£3.4m conservation project concludes at Belsay Hall, Castle and Gardens

Image: Belsay Hall and Gardens

Northumberland venue’s two-year restoration has revived the historic castle, gardens, and Grecian architecture

A major two-year conservation and revival project at Northumberland’s Belsay Hall, Castle and Gardens is today completed.

Featuring Grecian architecture, a medieval castle and 30-acre Grade I-listed gardens, the project to revive the buildings and grounds has been backed by £3.4 million from The National Lottery Heritage Fund, alongside support from Garfield Weston Foundation and The Foyle Foundation.

Among the work completed is the replacement of the Hall’s roof. Its unique architectural design, based on the still-standing Temple of Hephaestus in Athens, had caused leaks and damp issues for over two hundred years.

The Hall was designed by Sir Charles Monck after a two year-long honeymoon taking in the classical sites of Greece.

Mark Douglas, English Heritage’s Properties Curator, explained: “Belsay Hall’s concealed gutters proved, over the next two hundred years, to be its downfall; it appears that Monck hadn’t accounted for Northumberland’s harsh winters! It has been such a relief to finally banish the damp from the Hall and safeguard Belsay for future generations.”

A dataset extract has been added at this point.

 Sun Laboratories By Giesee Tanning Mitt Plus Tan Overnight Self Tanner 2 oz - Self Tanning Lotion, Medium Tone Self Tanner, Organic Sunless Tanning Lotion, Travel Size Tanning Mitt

The interior of Belsay Hall

The castle’s medieval stonework has also been repaired. Outside, landscape designer and gardener Dan Pearson planned a new scheme to add over 80,000 new plants. In the Hall woodland garden alone, which had become swamped by overgrown laurels and rhododendrons, 35,000 plants have been added, restoring previously lost historic views on Crag Wood’s scenic walk.

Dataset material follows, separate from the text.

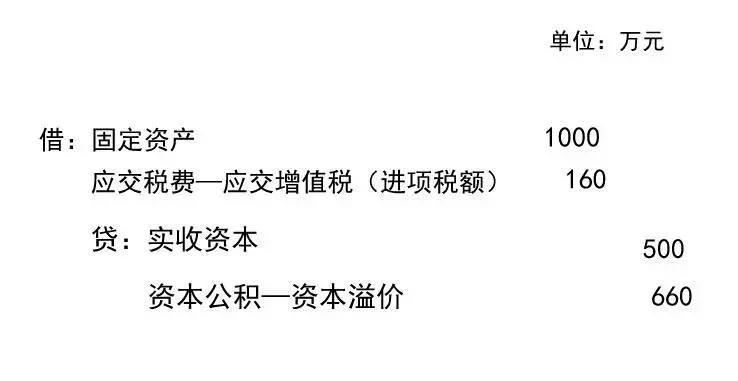 5分钟弄懂初级会计所有者权益！赶紧收藏！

John Watkins, English Heritage’s Head of Gardens and Landscapes, said: “ With the help of international plantsman and designer Dan Pearson, we have rejuvenated the more formal gardens and Hall Woodland Garden.

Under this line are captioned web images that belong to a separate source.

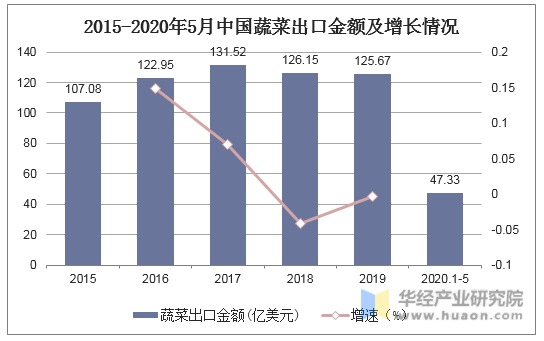 2015-2020年5月中国蔬菜出口金额及增长情况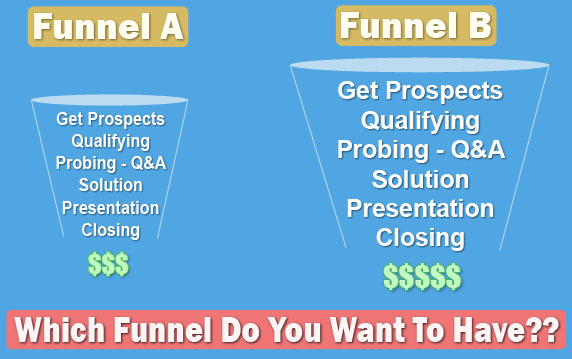 The Sales Funnel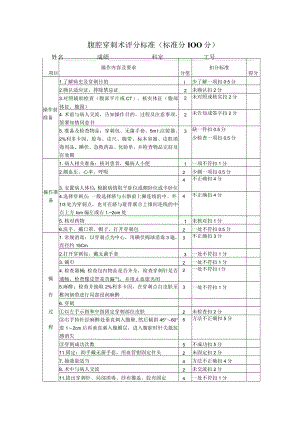 腹腔穿刺术技术操作考核评分标准.docx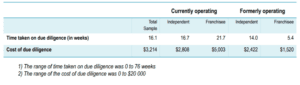 Business Due Diligence Time and Cost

‘Dan’s plantsmanship and painterly eye have helped to bring out the individual character of the extensive garden areas which will provide beauty and interest throughout the year.”

New interpretation includes projected animation and soundscape on the ground floor, and the exploration of ‘The Wildman’ – a medieval mythical figure which features on the coat of arms of the Middleton family who owned Belsay for over 700 years.